2021 Presser Scholar Announced
Theodore Presser (1848–1925) rose from humble beginnings to become a respected music teacher and publisher. Familiar with the many challenges facing musicians, he established The Presser Foundation which supports music performance and education through undergraduate and graduate scholar awards, operating and program support for music organizations, capital grants for music building projects, and assistance to retired music teachers.
The Presser Undergraduate Scholar Award of $4,000 is presented to the student with the highest grade point average, which is an indication of academic and musical excellence. Recent Presser Scholars have included Robert Carr (B.S. Music Education, 2021), Noah Pepmeyer (B.M. Music Technology, 2020), and Joseph Beaver (B.S. Music Education and B.M. Performance, 2019).

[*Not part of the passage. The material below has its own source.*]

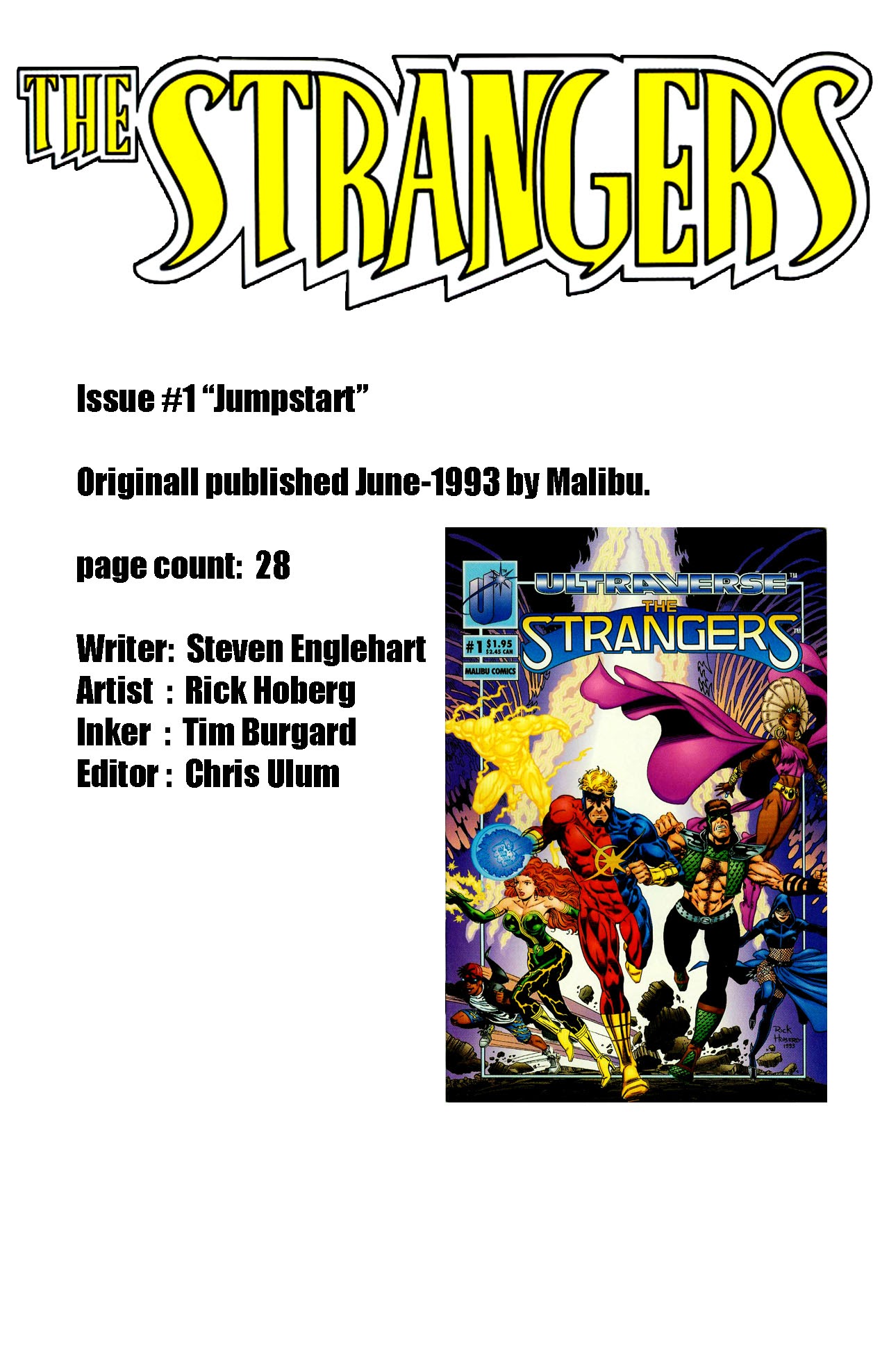 Read online Jumpstart: The Strangers Collection comic -  Issue # TPB - 7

This year's Presser Scholar is senior Music Technology student, Greta Zewe. The award was officially presented to Greta at the annual Mary Pappert School of Music Convocation, held this past Monday during Common Hour in the PNC Recital Hall. On hand to present the award was one of Greta's mentors and professors, Thomas Kikta (Chair of the Commercial Music, Media, and Jazz Department and Director of the Institute of Entertainment, Music, and Media Arts).
Greta has established a well-deserved reputation as a talented performing musician, recording engineer, and composer since her arrival on campus in the fall of 2018. In addition to maintaining the highest GPA in her class, she has also received many awards and accolades. She won the Undergraduate Piano Award in both her freshmen and sophomore years and the Tucci Piano Award her junior year, and she has been on the Dean's list every semester.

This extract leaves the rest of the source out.